- _Task requirements_: Transcribe the whole listing below without changing a word, but leave out every image.

-- -- --

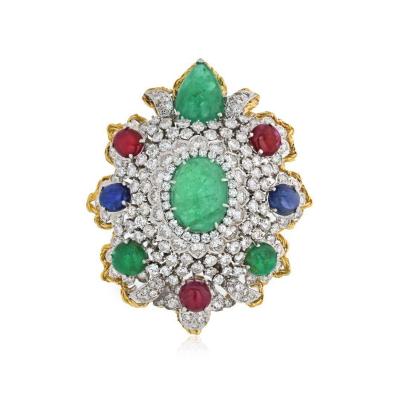 David Webb PLATINUM 18K YELLOW GOLD DIAMONDS RUBIES EMERALDS AND SAPPHIRES HERALDIC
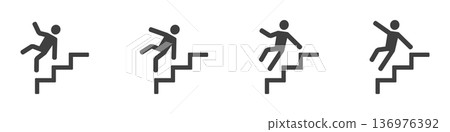 Stick figures falling down stairs silhouette sequence 136976392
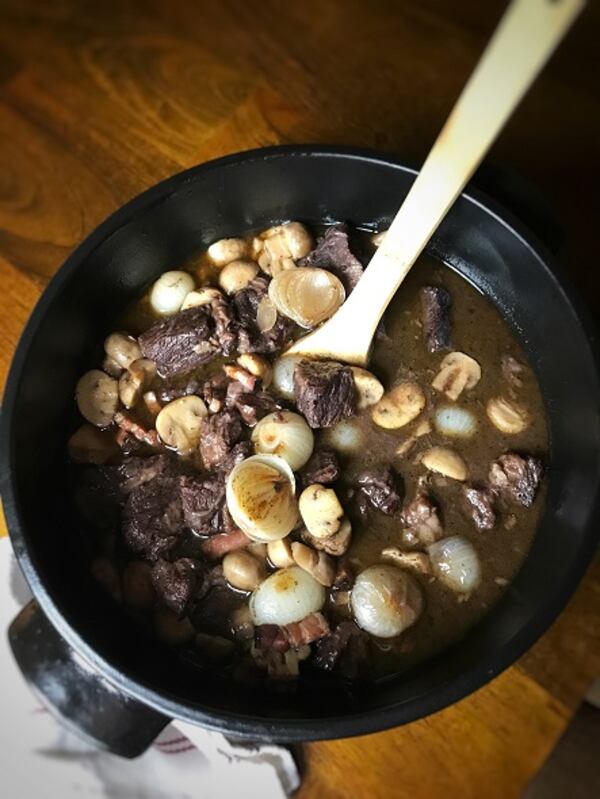 Beef bourguignon prepared by Leslie Brenner in her Dallas kitchen from her own recipe. (Leslie Brenner/Dallas Morning News/TNS) 

NO MAGAZINE SALES; MANDATORY CREDIT; NO SALES; INTERNET USE BY TNS CONTRIBUTORS ONLY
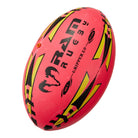 Ram Rugby Gripper 2.0 Neon Pink junior training rugby ball with 3-ply durable rubber lamination and valve seam design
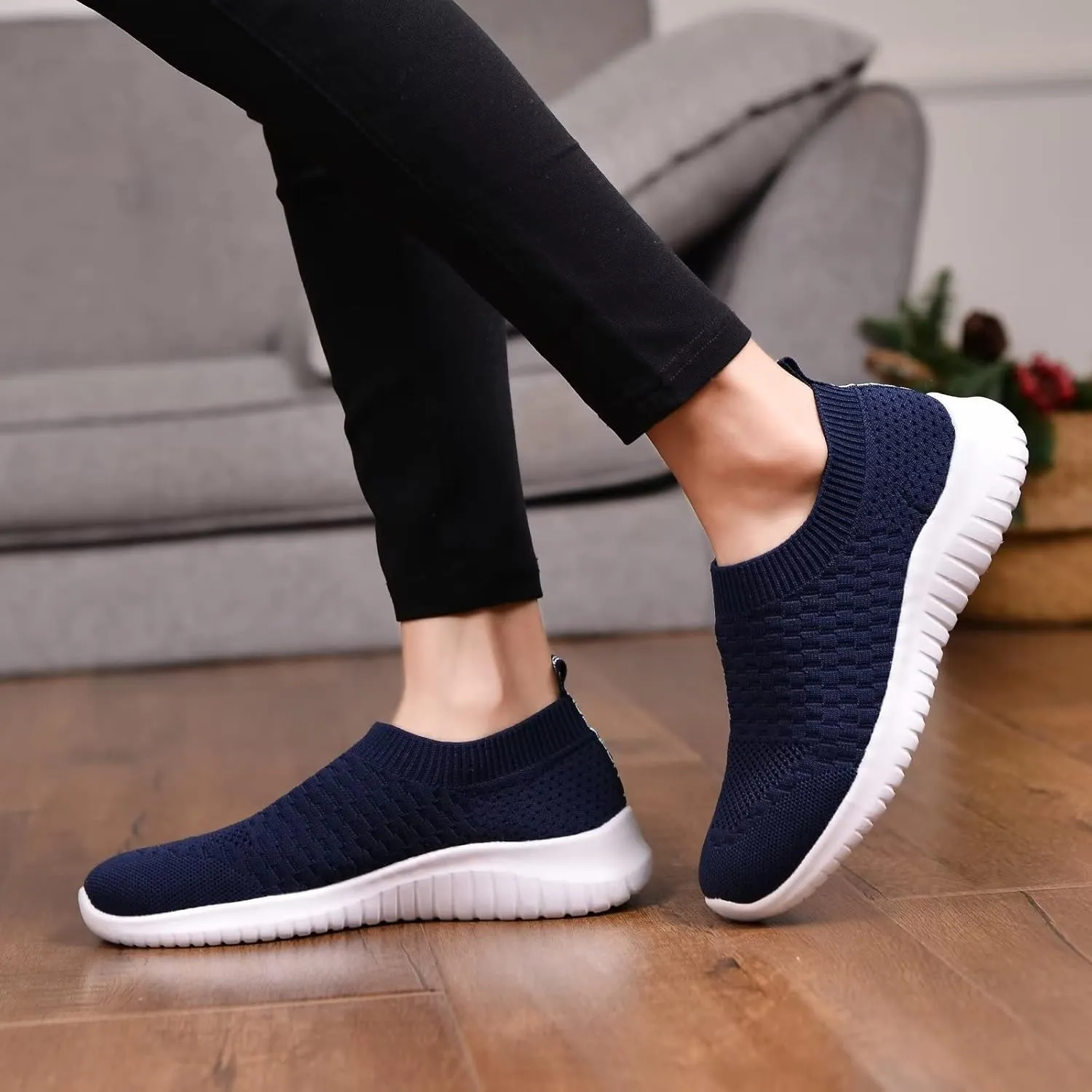 TIOSEBON Women's Athletic Walking Shoes Slip On Casual Mesh-Comfortable Tennis Workout Sneakers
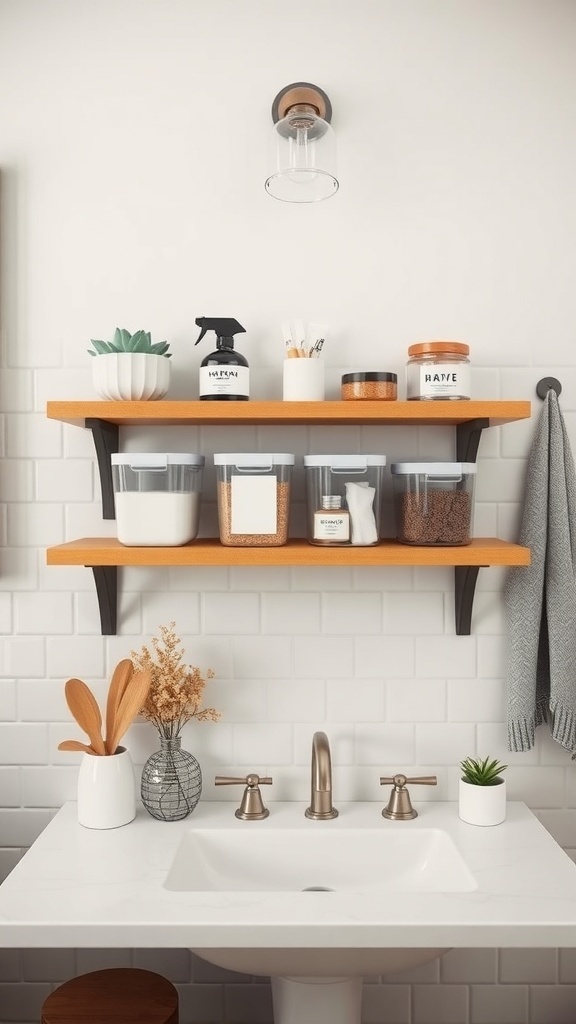 A small bathroom featuring a stylish wooden shelf with clear storage containers and decorative plants.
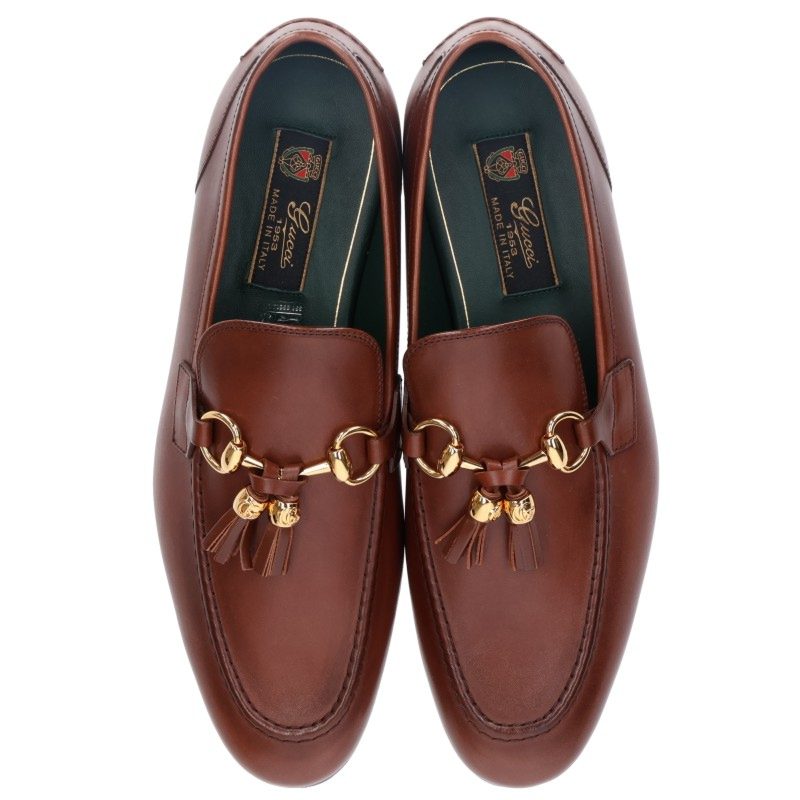 GUCCI Tassel Loafer Shoes Brown Size 7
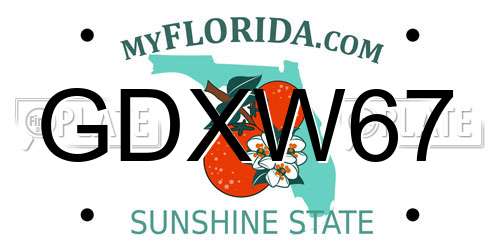 GDXW67 Florida License Plate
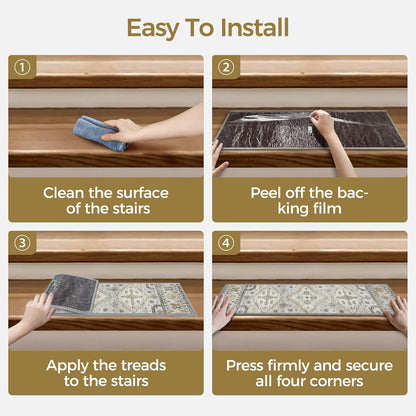 sarben Non Slip Stair Treads for Wooden Steps 15PCS - 8"x30" Indoor Safety Carpet, Edging Mats with TPE Adhesive Backing, Pet and Elderly Friendly Stair Rugs (Taupe) - Colors B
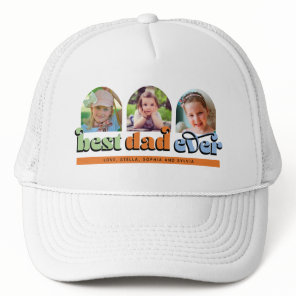 Best Dad Ever Retro Text 3 Photos Trucker Hat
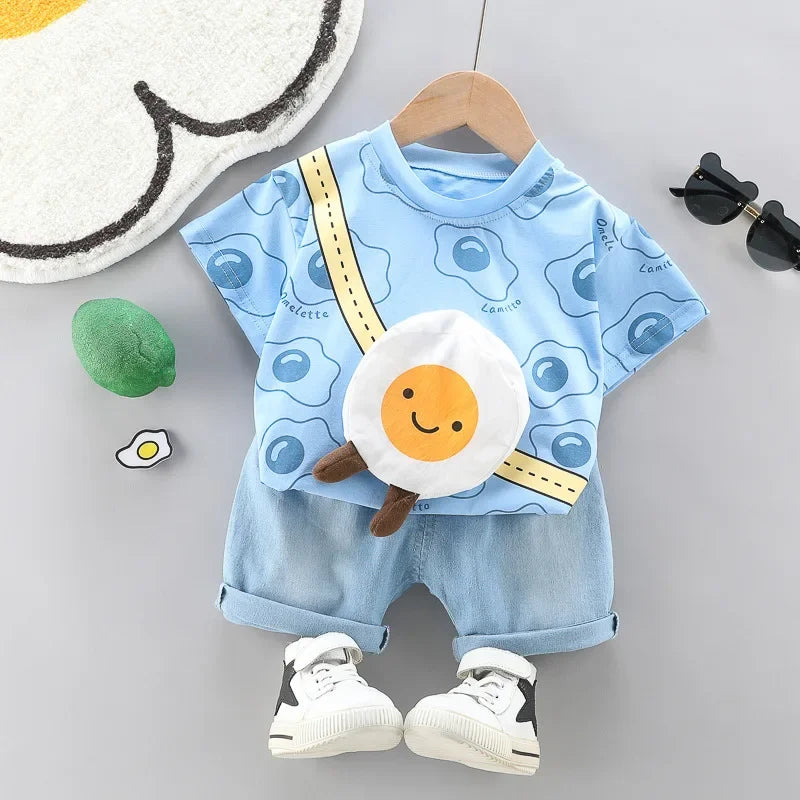 Conjunto Infantil Camiseta com Bolsa e Shorts Modelo Cartoon Lenogue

-- -- --

- _Task output_:
 David Webb PLATINUM 18K YELLOW GOLD DIAMONDS RUBIES EMERALDS AND SAPPHIRES HERALDIC
 Stick figures falling down stairs silhouette sequence 136976392
 Beef bourguignon prepared by Leslie Brenner in her Dallas kitchen from her own recipe. (Leslie Brenner/Dallas Morning News/TNS) 

NO MAGAZINE SALES; MANDATORY CREDIT; NO SALES; INTERNET USE BY TNS CONTRIBUTORS ONLY
 Ram Rugby Gripper 2.0 Neon Pink junior training rugby ball with 3-ply durable rubber lamination and valve seam design
 TIOSEBON Women's Athletic Walking Shoes Slip On Casual Mesh-Comfortable Tennis Workout Sneakers
 A small bathroom featuring a stylish wooden shelf with clear storage containers and decorative plants.
 GUCCI Tassel Loafer Shoes Brown Size 7
 GDXW67 Florida License Plate
 sarben Non Slip Stair Treads for Wooden Steps 15PCS - 8"x30" Indoor Safety Carpet, Edging Mats with TPE Adhesive Backing, Pet and Elderly Friendly Stair Rugs (Taupe) - Colors B
 Best Dad Ever Retro Text 3 Photos Trucker Hat
 Conjunto Infantil Camiseta com Bolsa e Shorts Modelo Cartoon Lenogue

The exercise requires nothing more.